Brief:
The listing below holds pictures; exclude them. Return exactly the lines from the one with "Turistas-Navegando-En-Góndola,-Venecia" through the one with "Naid Apartmani Kulen Vakuf Exteriör bild".

Task data:
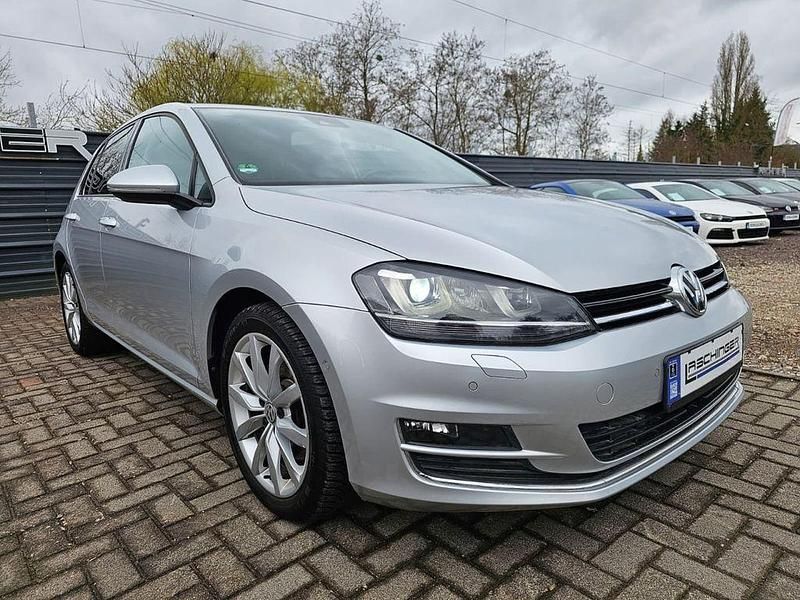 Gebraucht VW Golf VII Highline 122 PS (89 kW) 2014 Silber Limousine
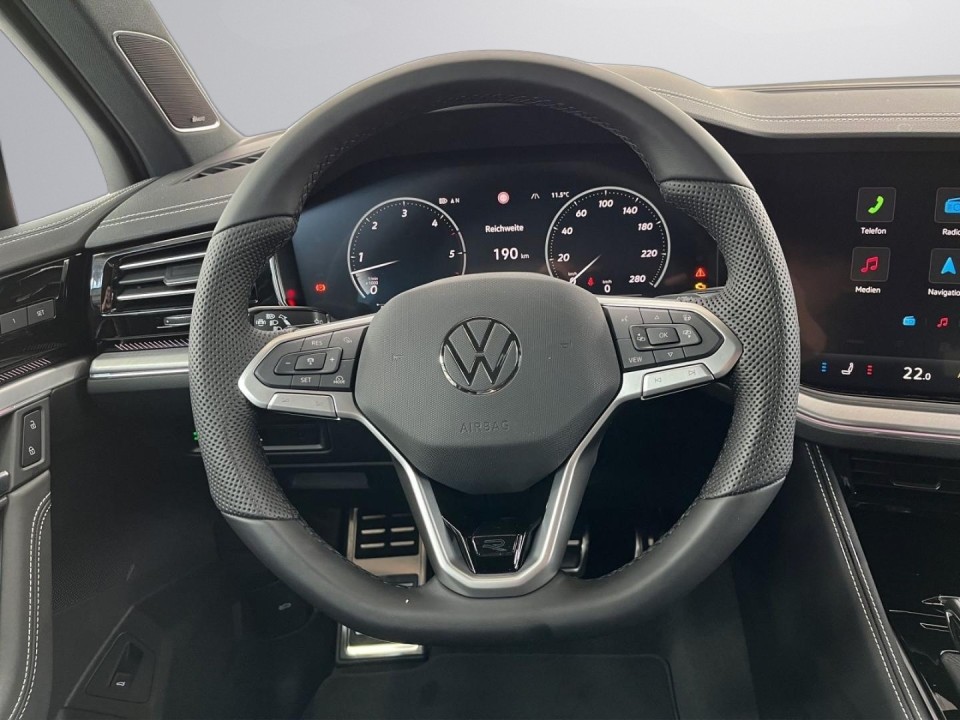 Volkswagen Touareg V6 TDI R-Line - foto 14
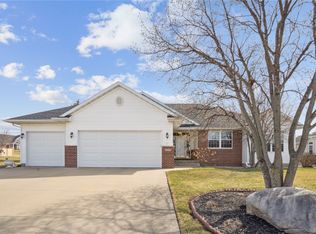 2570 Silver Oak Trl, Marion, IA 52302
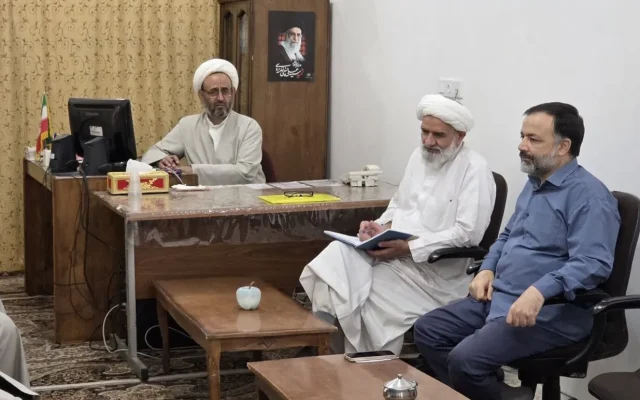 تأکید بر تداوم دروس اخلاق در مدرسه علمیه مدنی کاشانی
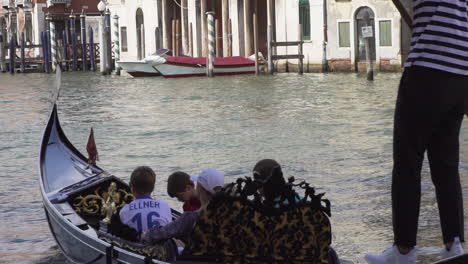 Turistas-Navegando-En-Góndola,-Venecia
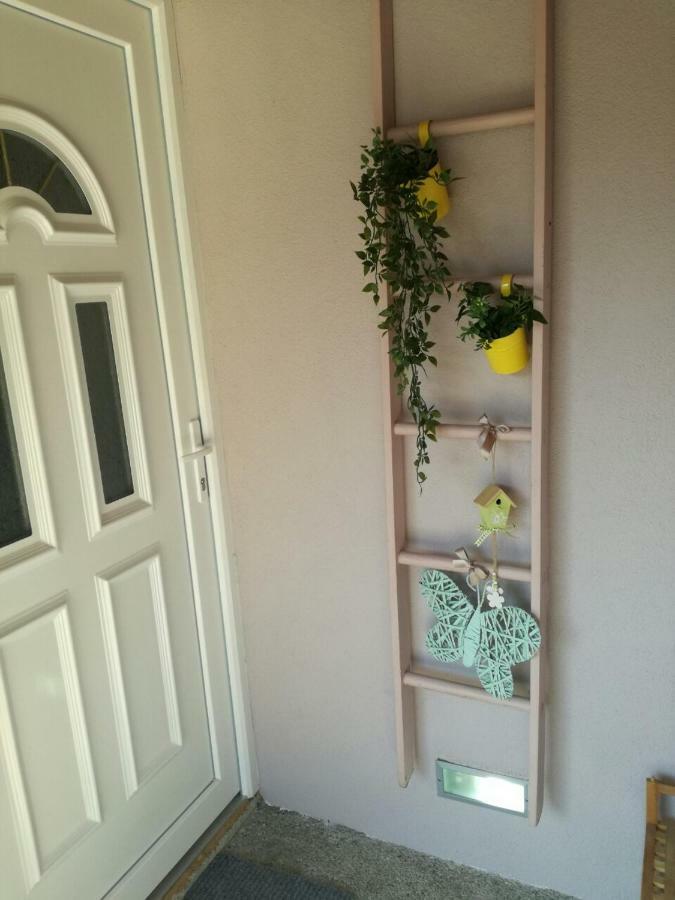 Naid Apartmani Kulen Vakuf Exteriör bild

--

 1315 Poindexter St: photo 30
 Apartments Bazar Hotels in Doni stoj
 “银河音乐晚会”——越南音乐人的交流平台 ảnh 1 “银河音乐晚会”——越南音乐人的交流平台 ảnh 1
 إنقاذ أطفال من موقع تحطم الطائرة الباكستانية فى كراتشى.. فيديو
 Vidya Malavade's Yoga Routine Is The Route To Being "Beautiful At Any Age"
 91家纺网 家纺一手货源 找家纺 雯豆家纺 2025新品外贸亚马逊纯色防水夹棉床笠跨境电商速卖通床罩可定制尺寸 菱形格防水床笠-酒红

Finished task:
 Turistas-Navegando-En-Góndola,-Venecia
 Naid Apartmani Kulen Vakuf Exteriör bild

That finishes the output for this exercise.